These Hands Belong to the World

from Iranian.com: Sept. 12, 2009

by Ari Siletz

Lily Afshar will be one of the performers at the iranian.com music festival in San Francisco’s Palace of Fine Arts on September 26, 2009.

Try mentioning your Iranian background in a circle of cultured American friends. Instead of the usual questions about politics they may ask, “Do you know of Lily Afshar?” This is because Afshar is one of the world’s leading classical guitarists, with remarkable innovations furthering the influence of the instrument.

In fact, someone once asked Afshar herself where she was from. That “someone” was Maestro Andres Segovia, the terrifyingly eminent virtuoso authority on the classical guitar. The setting was a master class held in Los Angeles in 1986. A group of 12 young guitarists had been selected out of hundreds of international competitors vying for the honor of playing in front of the guitar legend, hoping for an approving nod. That simple nod or—God forbid—a shake of the head could begin or end a young artist’s career. If a performer could remain intensely focused on her art, keeping her mind and fingers from going rubbery in front of this ultimate say-so on the classical guitar, she was ready to take command of any audience. To showcase her skills, Afshar had chosen to include Sevilla by Isaac Albeniz—it would be futile to pick a less demanding piece, Segovia would spot artistic timidity before the first measure was played out. During a lyrical passage in Sevilla, the Maestro stopped Afshar. “Where are you from,” he asked.

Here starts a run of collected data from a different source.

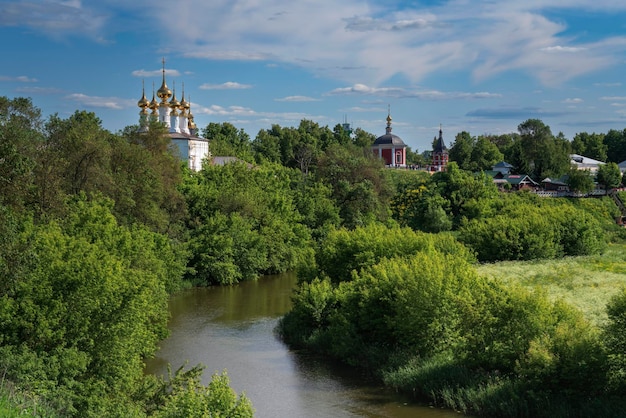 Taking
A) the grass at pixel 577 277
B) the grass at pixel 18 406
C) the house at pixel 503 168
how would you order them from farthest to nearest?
1. the house at pixel 503 168
2. the grass at pixel 577 277
3. the grass at pixel 18 406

Afshar is from a musical family. Her grandmother was a tar player, and her father was a violinist and a pianist (as well as pilot and engineer). Her romance with the classical guitar began at the age of ten when she first heard the instrument at a cousin’s house. The very next day her father got her a guitar and signed her up for private lessons, later enrolling her for night classes at the Tehran Conservatory of Music. Afshar remembers very clearly her father giving her instructions in music theory. He was the one who inspired her to aim for an international reputation. “There was nothing his daughter couldn’t do,” says Afshar. “He encouraged me to get to the top of my field and I ended up getting my doctorate and becoming the first woman in the world [italics mine] to get a doctorate in classical guitar performance.” With this degree of parental love and support, it is no wonder that on first hearing a Segovia recording as a child, Afshar said to herself, “If Segovia can do this, I can too.” Years later in 1986, she would sit in the presence of the great master himself, embracing her guitar; ready to show him that she is just as good. And she wasn’t nervous at all. She thought of Segovia as a grandfather. Family!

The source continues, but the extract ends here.